Pujangga besar Jawa, Ronggo Warsito, pernah menulis dalam Serat Kalatida sebuah kalimat yang sederhana namun sarat makna: "Sabegja-begjaning kang lali, luwih begja kang eling lan waspada." Jika diterjemahkan bebas, kalimat ini berarti bahwa betapapun beruntungnya seseorang yang hidup dalam kelalaian, ia tetap kalah beruntung dibanding orang yang senantiasa ingat dan waspada.
Ungkapan itu bukan hanya petuah moral yang indah diucapkan, melainkan juga pedoman hidup yang sangat relevan dengan kehidupan kita sekarang. Eling lan waspada seolah menjadi perisai batin yang membantu manusia menghadapi ketidakpastian dunia modern.
Eling: Ingat dan Sadar
Dalam tradisi Jawa, kata eling merujuk pada sikap ingat dan sadar. Maknanya tidak semata mengingat Tuhan, melainkan juga menyadari posisi diri sebagai manusia yang memiliki keterbatasan. Eling mengajarkan bahwa hidup ini tidak semata-mata milik kita. Ada kekuatan yang lebih besar, yaitu Tuhan, yang menjadi asal-usul dan tujuan akhir perjalanan hidup.

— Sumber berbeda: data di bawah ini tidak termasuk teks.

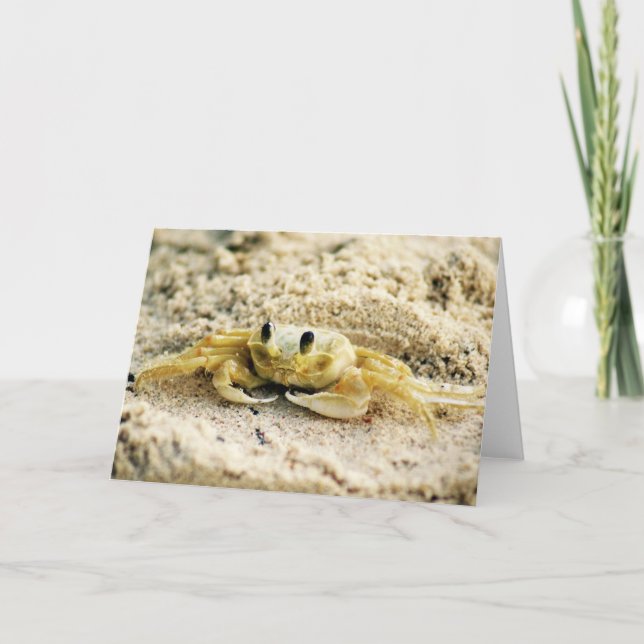 Sand Crab, Curacao, Caribbean islands, Greeting Card (Front)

Sikap eling juga berarti sadar diri. Manusia yang eling tidak akan terjebak dalam kesombongan karena ia tahu bahwa segala pencapaian bukan semata hasil kerja keras pribadi, melainkan juga campur tangan banyak faktor: doa orang tua, bantuan sesama, dan tentu saja kehendak Tuhan. Dari sinilah lahir sikap rendah hati, tidak merasa paling hebat, serta tetap menghargai keberadaan orang lain.
Dalam kehidupan sosial, eling menjaga hubungan antar manusia tetap harmonis. Seseorang yang eling akan selalu mawas diri, menghormati orang lain, dan berusaha tidak merugikan sesama. Kesadaran ini membuatnya lebih peka terhadap kebutuhan orang lain, sekaligus mencegah sikap individualis yang kerap muncul di tengah budaya modern yang serba kompetitif.
Eling juga menciptakan ketenangan batin. Dengan selalu ingat pada Tuhan, manusia tidak mudah goyah ketika diuji kesulitan. Begitu pula ketika mendapatkan keberhasilan, ia tidak akan larut dalam euforia berlebihan karena sadar bahwa segalanya bersifat sementara. Dengan kata lain, eling menuntun manusia untuk tetap seimbang dalam menghadapi suka maupun duka.
Waspada: Berhati-Hati dan Cermat
Jika eling berbicara tentang kesadaran, maka waspada menekankan pada kewaspadaan dalam bertindak. Hidup selalu penuh dengan jebakan, mulai dari godaan yang tampak sepele hingga tantangan besar yang bisa menjatuhkan. Maka, sikap waspada sangat penting agar manusia tidak mudah terjerumus.
Waspada bisa dipahami dalam berbagai dimensi. Pertama, waspada lahiriah: berhati-hati dalam menjaga diri dari bahaya nyata di sekitar. Misalnya, tidak gegabah dalam mengambil keputusan, tidak sembarangan percaya pada informasi, dan tidak mudah terprovokasi.
Kedua, waspada batiniah: berhati-hati terhadap godaan hawa nafsu yang bisa merusak diri. Iri hati, dengki, kesombongan, dan sifat tamak adalah jebakan batin yang tidak kalah berbahaya. Orang yang tidak waspada bisa jatuh dalam lingkaran negatif itu, hingga akhirnya merusak hubungan dengan orang lain.